Two astronauts from NASA will conduct this year's fifth spacewalk on March 13 to complete numerous system upgrades to the International Space Station (ISS). Said agency will also provide a live coverage to begin at 6 a.m. EST via the NASA television, NASA app and its official website.

Scheduled to exit the Quest airlock of the station around 7:30 a.m. for a spacewalk planned to last roughly six-and-a-half hours are Expedition 64 Flight Engineers Michael Hopkins and Victor Glover.

During the said spacewalk, Hopkins and Glover will vent early ammonia system jumper cables and have one of them relocated close to the Quest airlock to reconnect the jumper cable to the current cooling system, enhancing its efficiency.
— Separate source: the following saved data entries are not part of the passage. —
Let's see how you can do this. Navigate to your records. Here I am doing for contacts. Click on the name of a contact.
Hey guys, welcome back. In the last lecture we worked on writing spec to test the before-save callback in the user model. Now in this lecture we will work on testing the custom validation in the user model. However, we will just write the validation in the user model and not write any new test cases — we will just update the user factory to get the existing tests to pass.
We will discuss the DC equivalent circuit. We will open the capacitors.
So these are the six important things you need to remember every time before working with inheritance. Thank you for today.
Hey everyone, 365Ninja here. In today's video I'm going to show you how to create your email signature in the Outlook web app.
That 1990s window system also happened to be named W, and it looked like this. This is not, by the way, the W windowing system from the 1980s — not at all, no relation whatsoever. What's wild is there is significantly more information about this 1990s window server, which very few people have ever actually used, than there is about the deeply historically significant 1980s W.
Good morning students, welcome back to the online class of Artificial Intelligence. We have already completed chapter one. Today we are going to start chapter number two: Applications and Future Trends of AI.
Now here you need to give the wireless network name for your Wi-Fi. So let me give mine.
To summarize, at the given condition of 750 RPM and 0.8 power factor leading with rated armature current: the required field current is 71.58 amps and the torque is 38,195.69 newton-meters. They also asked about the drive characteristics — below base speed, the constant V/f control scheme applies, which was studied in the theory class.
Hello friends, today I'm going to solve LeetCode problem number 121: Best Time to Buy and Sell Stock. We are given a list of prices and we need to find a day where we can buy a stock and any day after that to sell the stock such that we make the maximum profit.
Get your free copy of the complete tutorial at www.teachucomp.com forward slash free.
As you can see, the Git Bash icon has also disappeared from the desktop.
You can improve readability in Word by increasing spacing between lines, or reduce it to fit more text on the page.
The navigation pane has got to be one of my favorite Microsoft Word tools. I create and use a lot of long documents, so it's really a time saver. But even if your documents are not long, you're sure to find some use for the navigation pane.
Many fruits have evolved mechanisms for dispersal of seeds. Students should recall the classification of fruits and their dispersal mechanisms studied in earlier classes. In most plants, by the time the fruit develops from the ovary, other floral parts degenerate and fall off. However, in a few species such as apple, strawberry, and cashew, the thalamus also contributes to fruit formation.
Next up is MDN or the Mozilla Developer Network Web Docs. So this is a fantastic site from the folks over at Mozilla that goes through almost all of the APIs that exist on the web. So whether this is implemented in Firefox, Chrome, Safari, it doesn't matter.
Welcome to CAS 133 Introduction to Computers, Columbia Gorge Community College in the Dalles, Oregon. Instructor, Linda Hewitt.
The pair will connect cables too, for the Columbus Bartolomeo payload platform, continuing work from a late January spacewalk, and have a cable replaced for an amateur radio system.

Hopkins and Glover will also have a wireless antenna assembly replaced on the Unity module. They are also set to install a 'stiffener' on the thermal cover of the airlock to provide added structural integrity and route cables to provide Ethernet capabilities for a pair of high-definition camera systems o the port truss or 'backbone' of the station.
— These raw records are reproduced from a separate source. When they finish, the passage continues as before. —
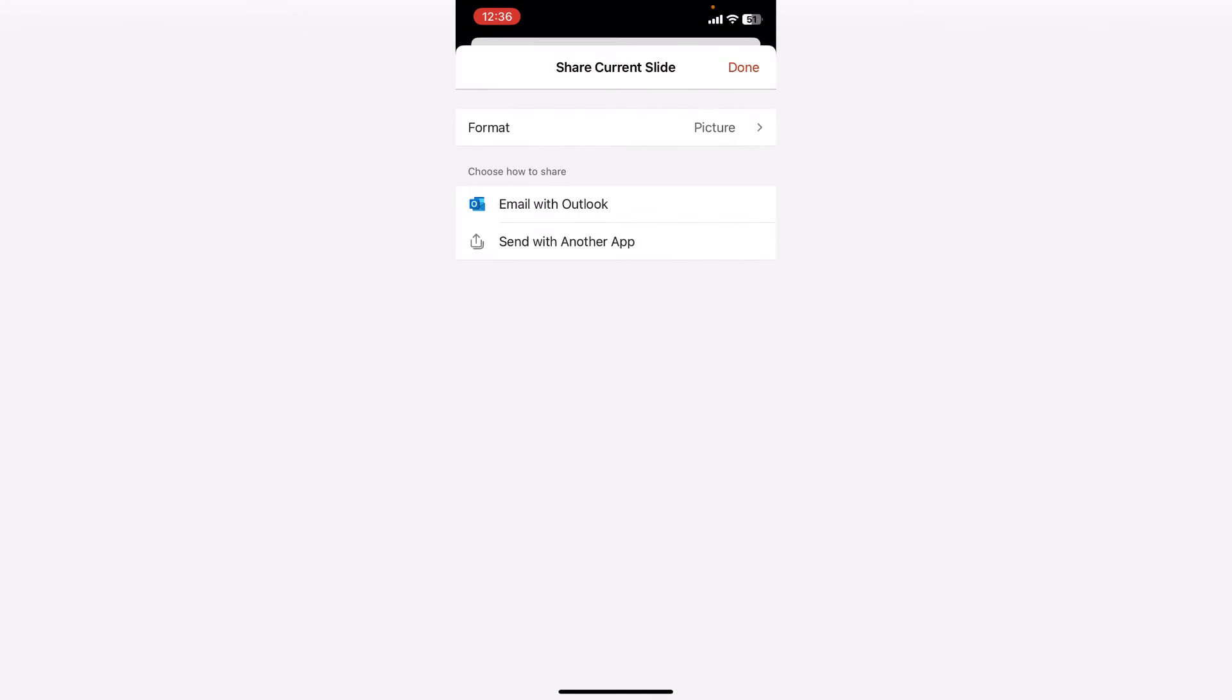And after this, you can choose the output location. If you want, you can directly mail to Outlook or you can save in your phone.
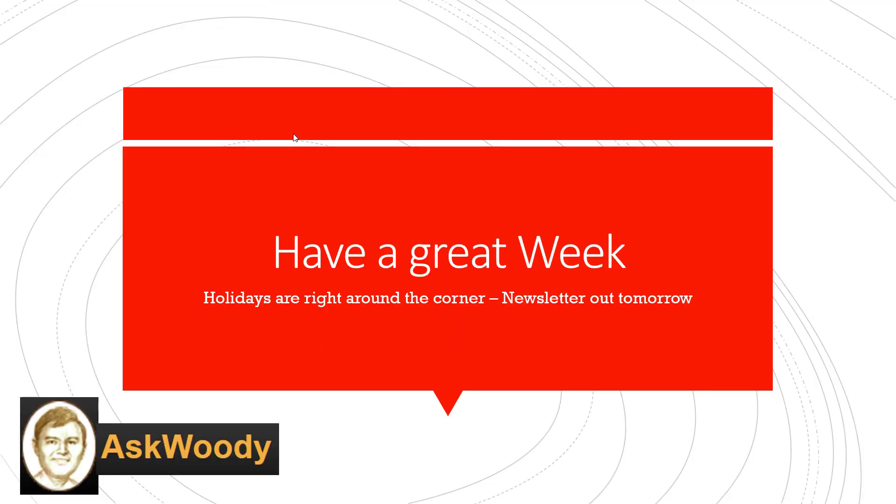So I hope that gave you a little bit of tip to next time you have a sluggish system, take a look at autoruns. Have a great week. Holidays are right around the corner. And as always, the newsletter is out tomorrow. Until next time, this is Susan Bradley for AskWoody.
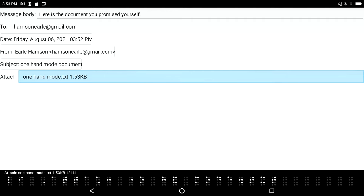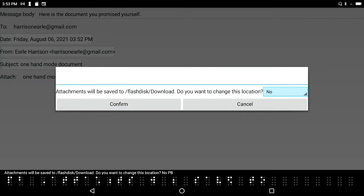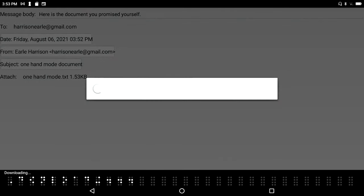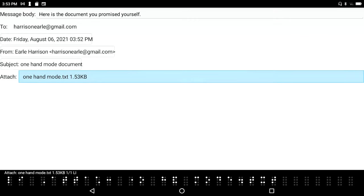If I press enter on it, it says attachments will be saved to flash disk download. Do you want to change this location? It says the attachment will be saved to flash disk download, that's the file path. Do I want to change it? I could, but I don't think I want to, so I'll just press enter. Downloading. Done, one file saved.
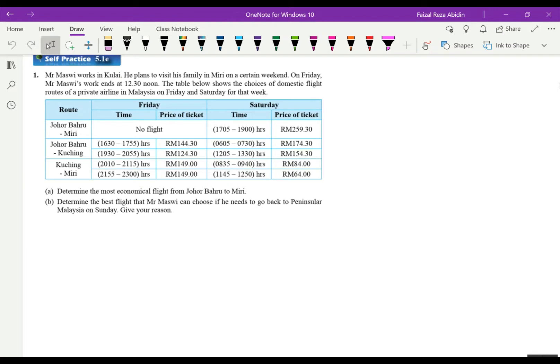On Friday, Mr. Maswi works until 12:30 noon, before Friday prayer. The table below shows the choices of domestic flight routes of a private airline in Malaysia on Friday and Saturday for that week.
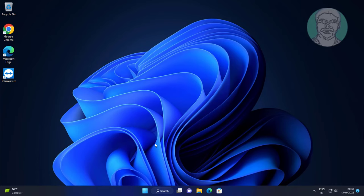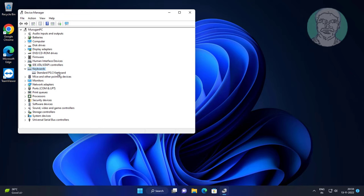Third method: right-click the Start button, click Device Manager. Click and expand Keyboards, right-click Keyboards, click Update Driver.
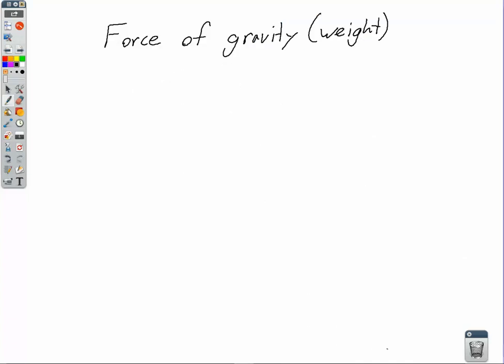Before we can solve problems with Newton's second law, we need to calculate the force of gravity acting on an object, also known as the weight — not mass. Since F equals MA and gravity is a force, the force of gravity equals the mass of an object times the acceleration due to gravity. On Earth's surface, g is 9.8 meters per second squared. We do not put in negative 9.8 — g is just a number. So mass times 9.8 gives us the weight.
Science Times - 2 NASA Astronauts to Conduct This Year’s 5th Spacewalk; NASA to Provide Live Coverage
NASA astronauts, vehicle pilot Victor Glover (front L), and commander Mike Hopkins (front R), will conduct this year’s fifth spacewalk on March 13 to complete numerous system upgrades to the International Space Station. Red Huber/Getty Images

Expedition 64

A NASA article posted on its website said on January 27, Hopkins and Glover concluded a spacewalk that lasted six hours and 56 minutes. The crew for this task, the Expedition 64, installed a Ka-band antenna, identified as COL-Ka on the outside of the European Space Agency Columbus module, which will allow an independent, high-bandwidth communication connection to European ground stations.

Essentially, Bartolomeo is partly operational and is a safe configuration following the link of four out of six cables to the science platform.

During this particular spacewalk, the two astronauts took out a pair of grapple fixture brackets on the far port left truss to prepare for power system upgrades in the future.

Glover worked for the replacement of suspected broken pin inside an airlock of the station as what NASA describes as a 'get ahead' task.

However, the teams determined that a replacement pin was not necessary after an inspection verified that the existing pin was properly functioning.

ISS Surpassing a 2-Decade Milestone of Continuous Human Presence

A Yahoo! News report said that Glover would be wearing red stripes on his suit as EV1 or extravehicular crew member 1 during what would be his career's fourth spacewalk.

Hopkins, on the other hand, as described on NASA's YouTube video below, will be spacewalking as EV 2 and wearing a suit without stripes. This would be his fifth in his entire career.

He will put on a high-definition or HD camera on his helmet to provide clear views of the Columbus connectors.

These connectors' mating is one of the many tasks postponed from past spacewalks to allow astronauts to complete the installation of modification kits for new solar arrays scheduled for launch later this 2021.

In November last year, the ISS surpassed its two decades of milestone of continuous human presence, providing opportunities for distinctive technological demonstration and study that help get ready for long-duration missions to the Moon and the Red Planet while improving as well, life on this planet.

To date, more than 240 people from 19 nations have visited the orbiting laboratory that has accommodated almost 3,000 research studies from study investigators in more than 100 nations and areas.